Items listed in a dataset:
※ ※ ※
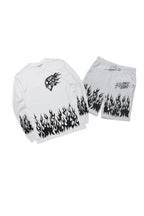 Bubble White/Grey Long Sleeve T-Shirt Short Set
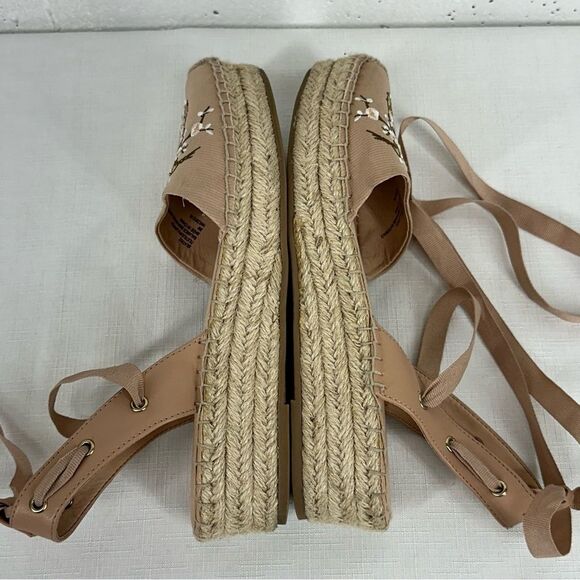 Nanette Lepore Size 8 Being Tie Ankle Ballet Esperdrilles Flats Shoes - Picture 5 of 15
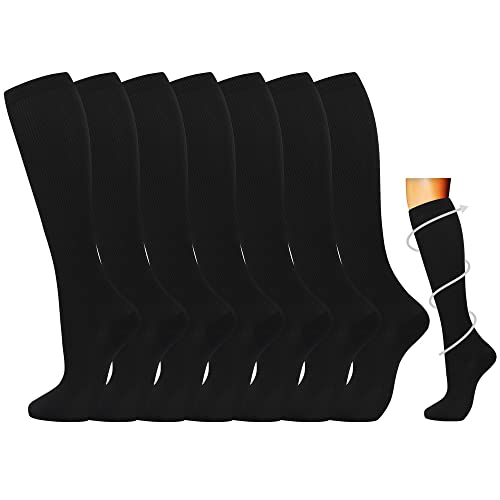 7 Paires de Chaussettes de Compression pour Femmes et Hommes 15-20 mmHg est le Meilleur Chaussettes Sportif et Médical pour Sportive, Cyclisme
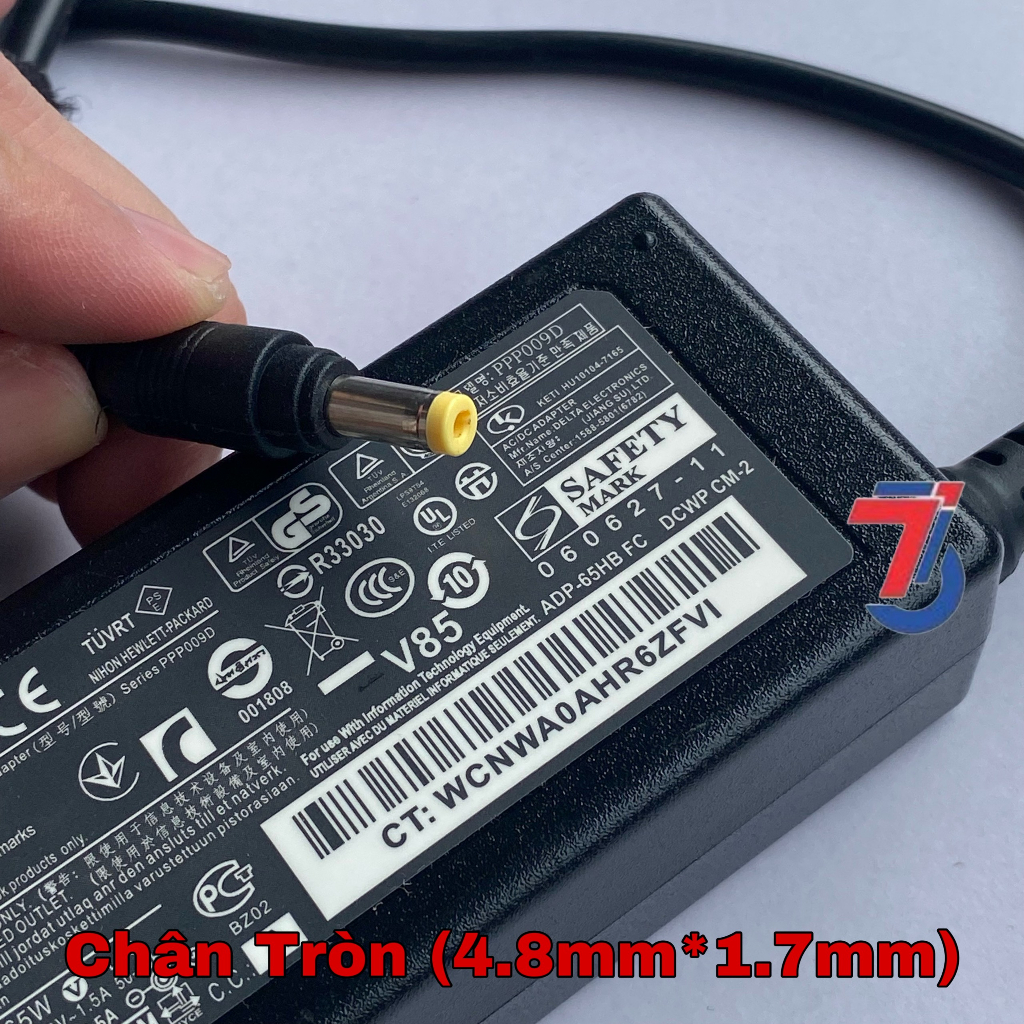 Sạc Máy Tính Laptop3T HP 18,5V-3.5A 65W Chân Vàng 4.8*1.7MM Loại Tốt Chính Hãng Bảo Hành 12 Tháng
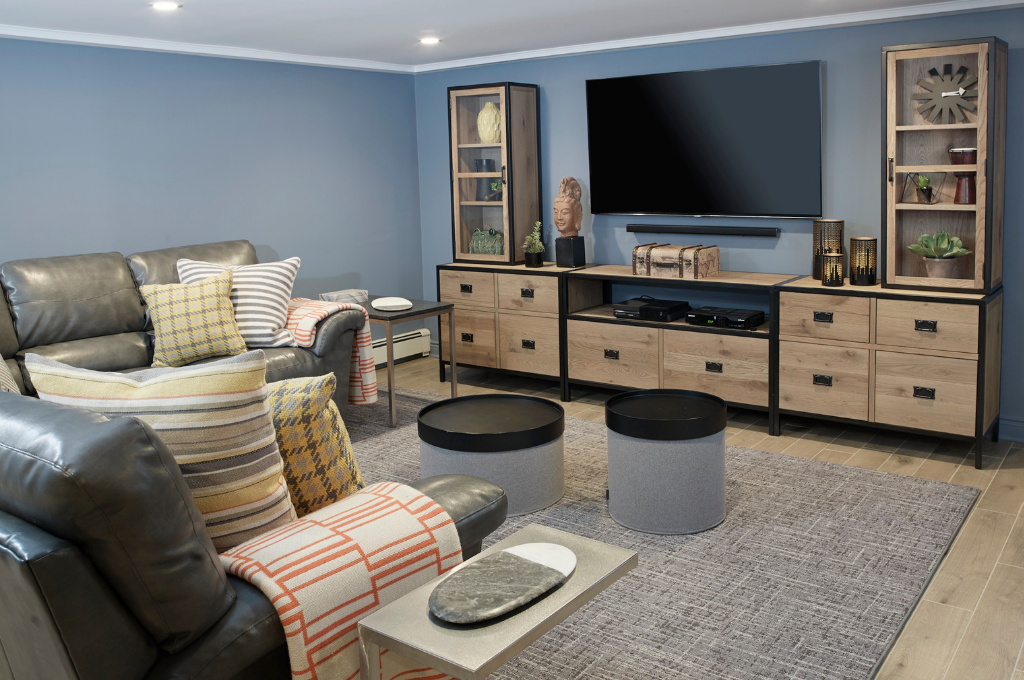 Fox and Chenko family room with sofa and tv and media cabinet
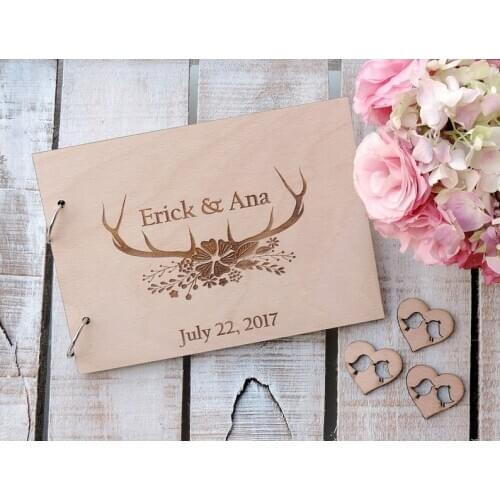 Wood Guestbook Wedding Guest Book Custom Guest Book Wedding Advice Book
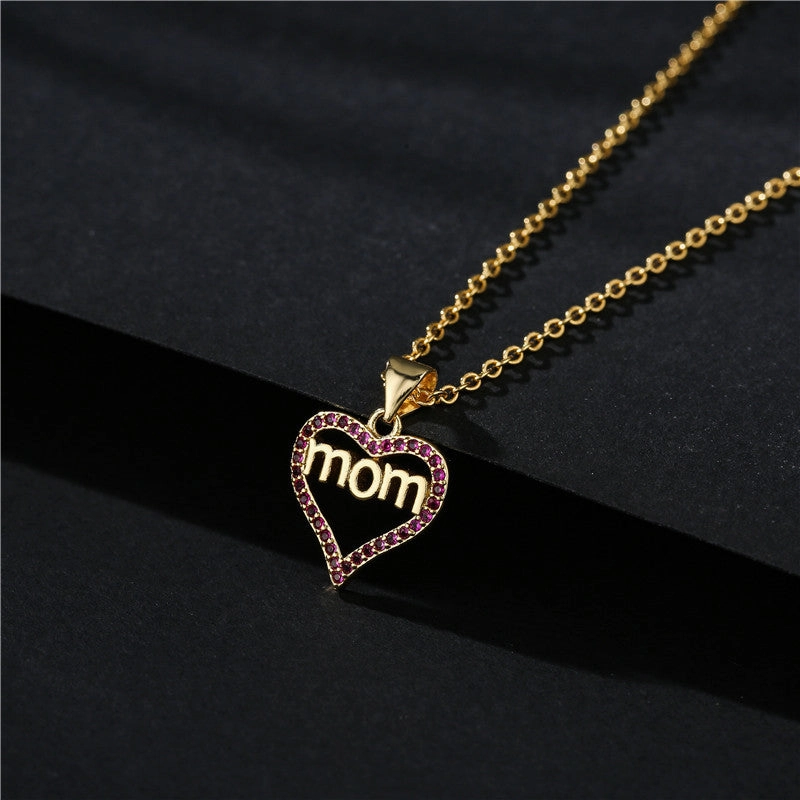 Wholesale Mother's Day Heart Letter Mom Copper Necklaces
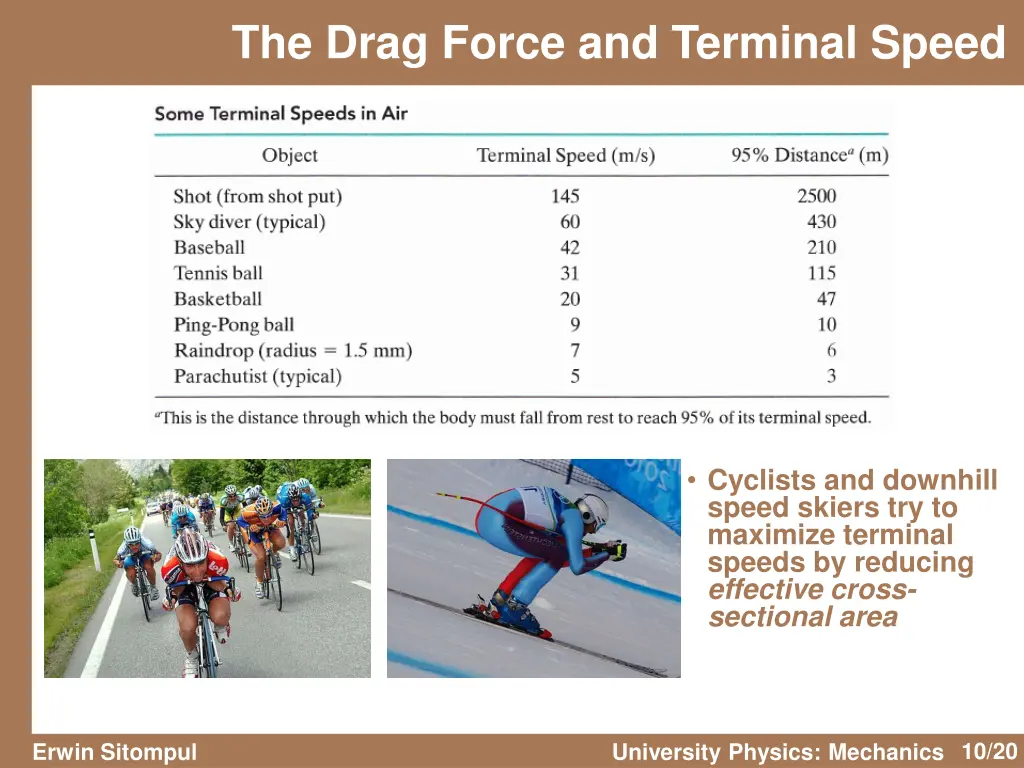 the drag force and terminal speed 3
※ ※ ※
Try it:
The result should be all the records, retyped exactly, with no pictures among them.

Exercise result:
 Bubble White/Grey Long Sleeve T-Shirt Short Set
 Nanette Lepore Size 8 Being Tie Ankle Ballet Esperdrilles Flats Shoes - Picture 5 of 15
 7 Paires de Chaussettes de Compression pour Femmes et Hommes 15-20 mmHg est le Meilleur Chaussettes Sportif et Médical pour Sportive, Cyclisme
 Sạc Máy Tính Laptop3T HP 18,5V-3.5A 65W Chân Vàng 4.8*1.7MM Loại Tốt Chính Hãng Bảo Hành 12 Tháng
 Fox and Chenko family room with sofa and tv and media cabinet
 Wood Guestbook Wedding Guest Book Custom Guest Book Wedding Advice Book
 Wholesale Mother's Day Heart Letter Mom Copper Necklaces
 the drag force and terminal speed 3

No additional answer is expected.